Personal information
- Nationality: British (English)
- Born: 11 February 1879 Cleckheaton, West Yorkshire, England
- Died: February 1928 (aged 45) Cleckheaton, West Yorkshire, England

Sport
- Sport: Long-distance running
- Event: Marathon
- Club: Wibsey Park Harriers, Bradford

= Frederick Lord (athlete) =

British athlete

Frederick Thomas Lord (11 February 1879 – February 1928) was a British track and field athlete who competed in the 1908 Summer Olympics and the 1912 Summer Olympics. He finished 15th and 21st respectively in the men's marathon in his two Olympic games.

== Biography ==
Lord began running at a late stage of his athletic ability, joining the Wibsey Harriers aged 26. Lord represented Great Britain at the 1908 Summer Olympics in London, and finished 15th in the men's marathon. He was only one of four British athletes to complete the race.

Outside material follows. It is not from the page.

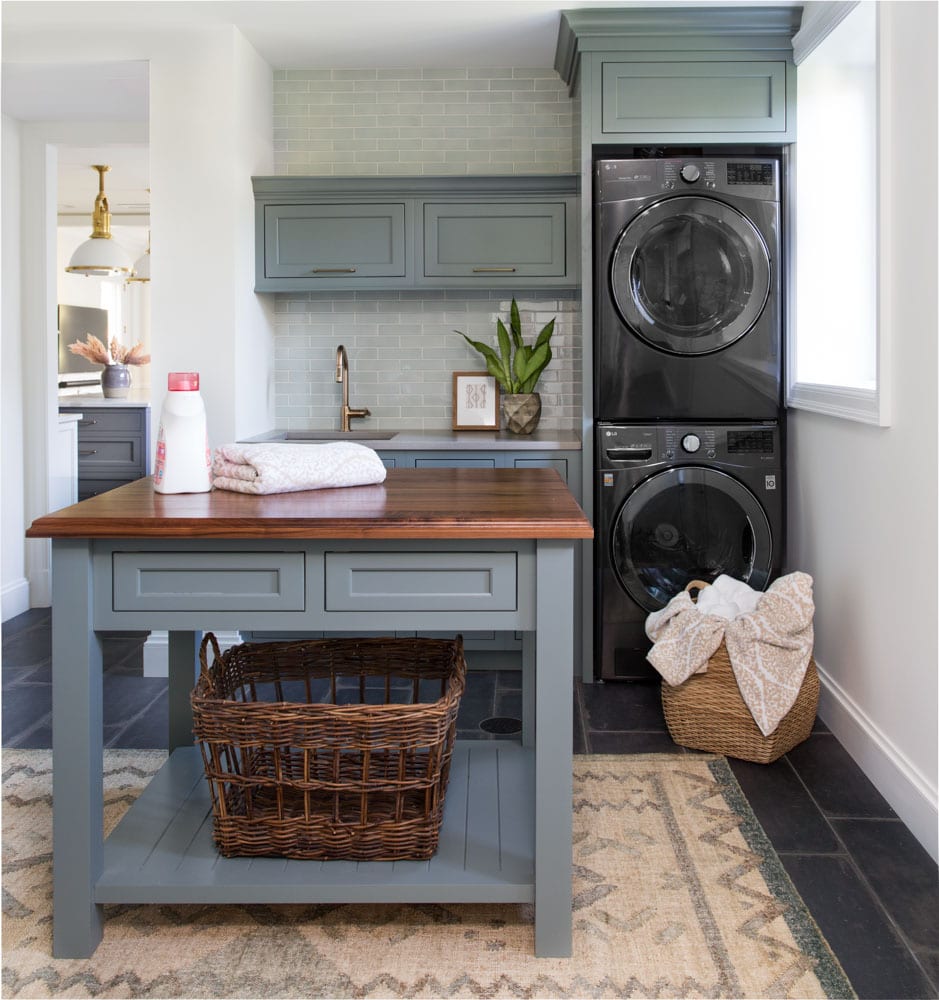 A white and dusty-blue-colored laundry room with cabinet space to store laundry products and baskets.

Lord represented Great Britain at the 1912 Summer Olympics in Stockholm, finishing 21st in the men's marathon event.

In later life, Lord lived in Cleckheaton and worked for the chemical firm of Crowther & Co. Ltd. While at work in February 1928, he used a knife as a replacement for a shoe-horn. After cutting his heel, he developed septic poisoning and died. He left a widow and four children.